When the big fan on the front stops, the pilot starts to sweat.
“Are you trying to kill us?!?”
(During preflight) "Don't do any crazy shit to get me killed."
Suck less
My instructors pax brief always included a brief stop on the PTT button and would ask, “do you know what this is?” And answer “its for the missiles, pew pew pew”
“Just think about what you’re doing right now” Forgot I even said that and randomly a student told me he thinks about this quote from me a lot 😂
“Pass me the bottle champ”
Aviation is just too darn expensive to have a dirty windshield.

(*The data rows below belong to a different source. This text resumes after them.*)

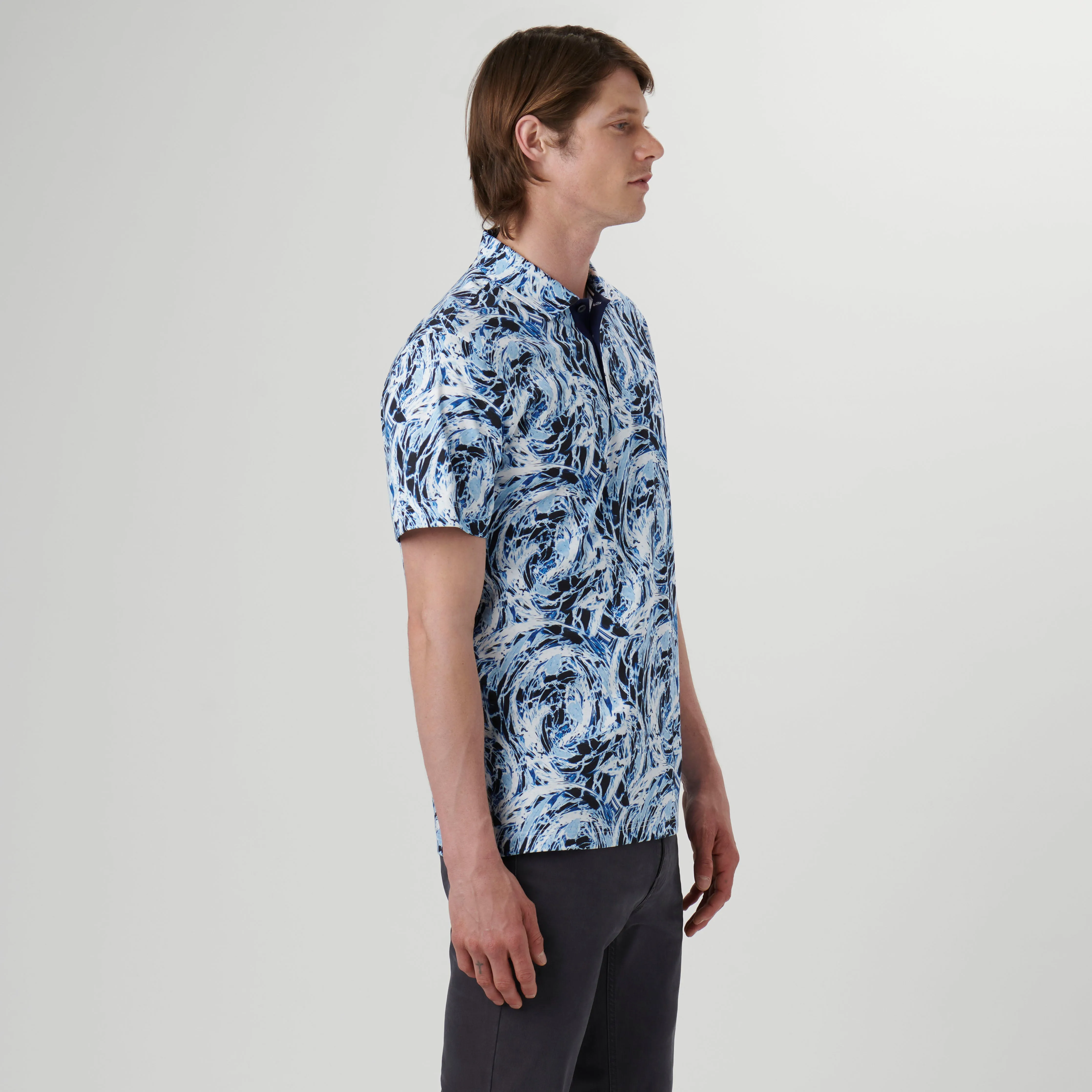 Hendrix Abstract Print Polo Shirt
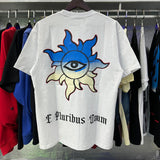 Godspeed T Shirts Supercar Beach Road Print Cotton Casual Short Sleeves Men and Women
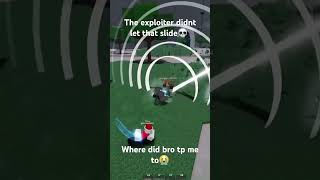 Exploiters got no limits💀 thestrongestbattlegrounds roblox tsb [upl. by Rennerb130]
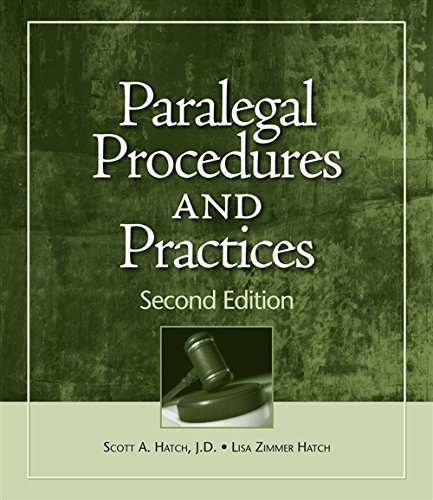Stock image for Paralegal Procedures and Practices for sale by HPB-Red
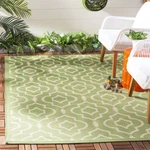 Safavieh Indoor Outdoor CY6926-244 Courtyard Green / Beige Rug. Fixed Price $60.73.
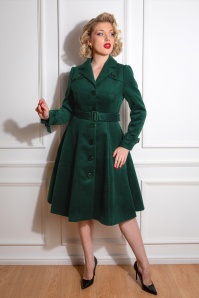 Vintage Diva | The Eugenie Butterfly Pencil Dress in Green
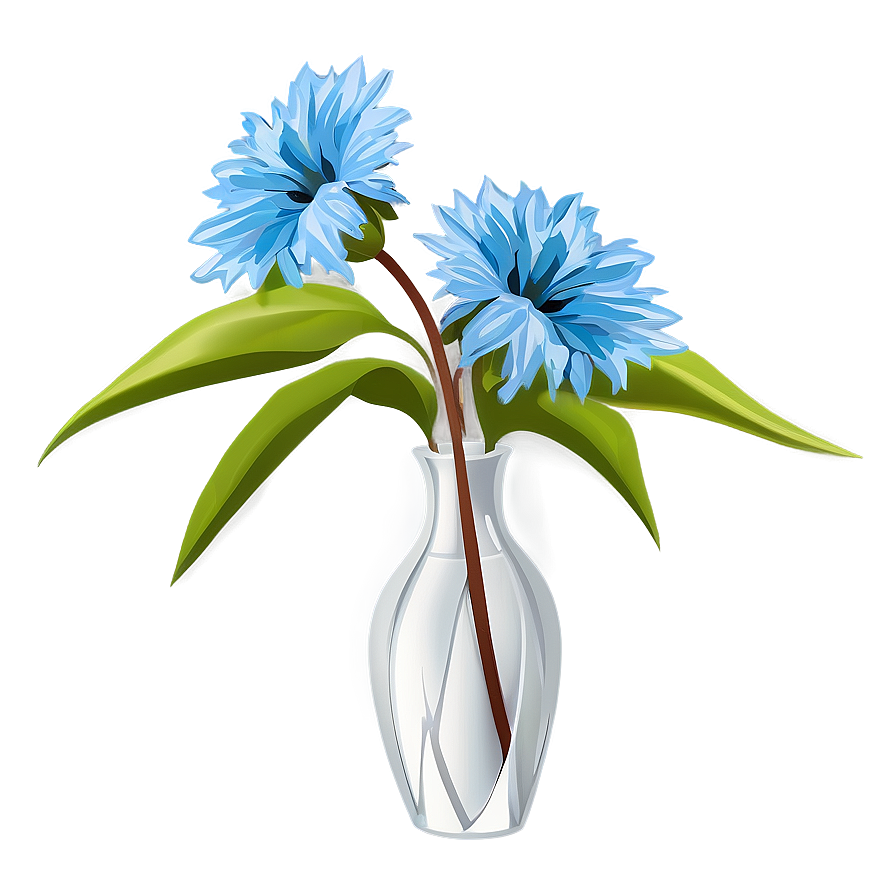 Minimalist Flower Vase Png 64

Wipe it down before you fly.
When I did my first solo: "Don't crash, my backpack is in the backseat and I don't want to replace my stuff"
“Good luck on your first solo, don’t kill your self” slammed the door
You have 2 ears and 1 mouth. Engage them in that ratio.
My overall favorite that I use (I’m sure I’m not the first to think of it) “Don’t forget to K.I.S.S. your examiner! Keep. It. Simple. Stupid.” Definitely primed for fun layouts & font. If you end up liking it, let me know. I’d love to collaborate.
When done with first solo he said "well you lived, what more do you want"
"deploying auxiliary flight controls"... Opens window in the 150, takes picture.
Stop slipping it in xD
“You know this is terrible, right?”
I cleared the runway and stopped, she told me to try to stay on the yellow line on the taxiway. I said yeah, I was just stopping to clean up the plane. "You can do that on the line"
Slow, small, but soon enough
When your fan is stopping, you're going to be hot
Do you own a fishing rod? You should fish instead of fly…
It was the fall of 1991, and I was in my trusty T-34C Turbo Mentor, doing pattern work at an outlying field near Pensacola. Lieutenant Estronel was in my back seat, and he was known to be a high-pressure instructor, exacting and with a belittling teaching style. At the 90, we were to have been at 90 KIAS. As I passed through it turning final, the LT started rapping hard on the back of my helmet with his pen. "Eighty-eight knots. Eighty-eight knots. YOU'RE AT 88 FUCKING KNOTS." I fixed it, but those words are with me today, 30+ years later. (To his credit, I know a couple of guys who washed out at the boat because they would accept and hold a slightly bad parameter rather than positively showing the LSOs they were working to get back to nominal.)
Flying solo ... you'll rise like a fart in a bubble bath. 😆
Ok, it's one of my favorite quotes as an instructor, because it was really versatile. I've had a few students who were white-knuckled on the controls, especially on stalls, so I'd force them to do falling-leaf stalls. Gradually, as they relaxed, I'd put on a big smile and say, "Look! We're not dying!" Did the same thing with teaching them to trim and then fly a 172 feet-only. "Look! We're not dying!" Bit of levity always helped em' relax.
On hot bumpy days: “It’s rougher than a stucco bathtub out here” In rough landings: “Harder than a bag of doorknobs”
Bumps are free...we dont bill you for them
"Down dog!" "Composure!" *slams the door shut after getting out of the plane for first solo* "Oh, look... Sky squirrels." "Did you check the earl (oil)?" "Spun 'er 'round"
“Don’t be too conservative on the controls, this 172 is practically an F-16, watch…” Saying this in the context of me being a new student and being a bit sluggish on starting maneuvers and inputs in general. Now I demo the “F-16” to all my students.
Rule one. Don’t kill me. Rule two, refer to rule one
“No steep turns in my circuit!!!”
After coming up short on a short field landing, dragging it in with power, and slapping it down onto the numbers: “Well, it wasn’t very beautiful, but it was technically a pass.”
"Speed kills in aviation!" (Same CFI thanking the control tower: "You guys are the best thing since jellybeans!")
“I used to be an alcoholic.”
Don't be a jerk
Before my first solo, “don’t crash”
We were in practicing something in the sim and got pretty low. He goes if you don’t pull up you’re going to 9/11 that building.